Problem Description
Given the root of a binary tree with distinct node values, delete all nodes whose values are found in the list to_delete. After deletion, the remaining nodes form a forest (a collection of disjoint trees). Return the root nodes of each tree in the forest. The result can be returned in any order.
Key Insights
- Use a recursive depth-first search (DFS) to traverse the tree.
- At each node, determine if it should be deleted based on the to_delete set.
- When deleting a node, ensure that its non-deleted children are added as new roots in the forest.
- Postorder traversal (processing children before the current node) is beneficial so that children are processed before potentially deleting the parent.
- Using a set for to_delete items allows for fast lookup.
Space and Time Complexity
Time Complexity: O(N), where N is the number of nodes since each node is visited once.

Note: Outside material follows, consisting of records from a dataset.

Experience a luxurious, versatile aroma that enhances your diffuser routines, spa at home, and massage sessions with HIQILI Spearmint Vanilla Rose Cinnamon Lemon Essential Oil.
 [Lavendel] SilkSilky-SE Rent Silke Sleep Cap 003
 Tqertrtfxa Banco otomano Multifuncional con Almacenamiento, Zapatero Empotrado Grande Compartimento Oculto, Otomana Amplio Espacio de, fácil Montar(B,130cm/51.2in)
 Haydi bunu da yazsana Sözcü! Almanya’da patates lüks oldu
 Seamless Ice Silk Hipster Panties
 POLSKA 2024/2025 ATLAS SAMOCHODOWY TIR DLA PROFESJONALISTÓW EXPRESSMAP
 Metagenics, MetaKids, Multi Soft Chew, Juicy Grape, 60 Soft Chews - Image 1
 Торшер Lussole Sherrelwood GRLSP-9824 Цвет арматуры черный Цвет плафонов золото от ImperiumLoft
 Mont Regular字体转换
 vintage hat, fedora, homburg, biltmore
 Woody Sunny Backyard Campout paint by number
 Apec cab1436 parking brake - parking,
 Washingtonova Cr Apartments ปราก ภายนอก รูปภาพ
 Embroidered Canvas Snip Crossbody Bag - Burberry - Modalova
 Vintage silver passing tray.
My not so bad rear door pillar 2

Space Complexity: O(N) for the recursion stack and the set used to store deletion values and resulting forest.
Solution
We employ a DFS approach to traverse the tree in a postorder manner, processing left and right children first. For each node:
- Check if the node should be deleted by looking it up in the to_delete set.
- If the node is flagged for deletion, add its non-null children as potential new roots to the forest.
- Return null for a deleted node and the node itself if it is kept. This recursive process ensures that any subtree whose root gets deleted properly adds any potential subtrees to the answer list before the node is removed.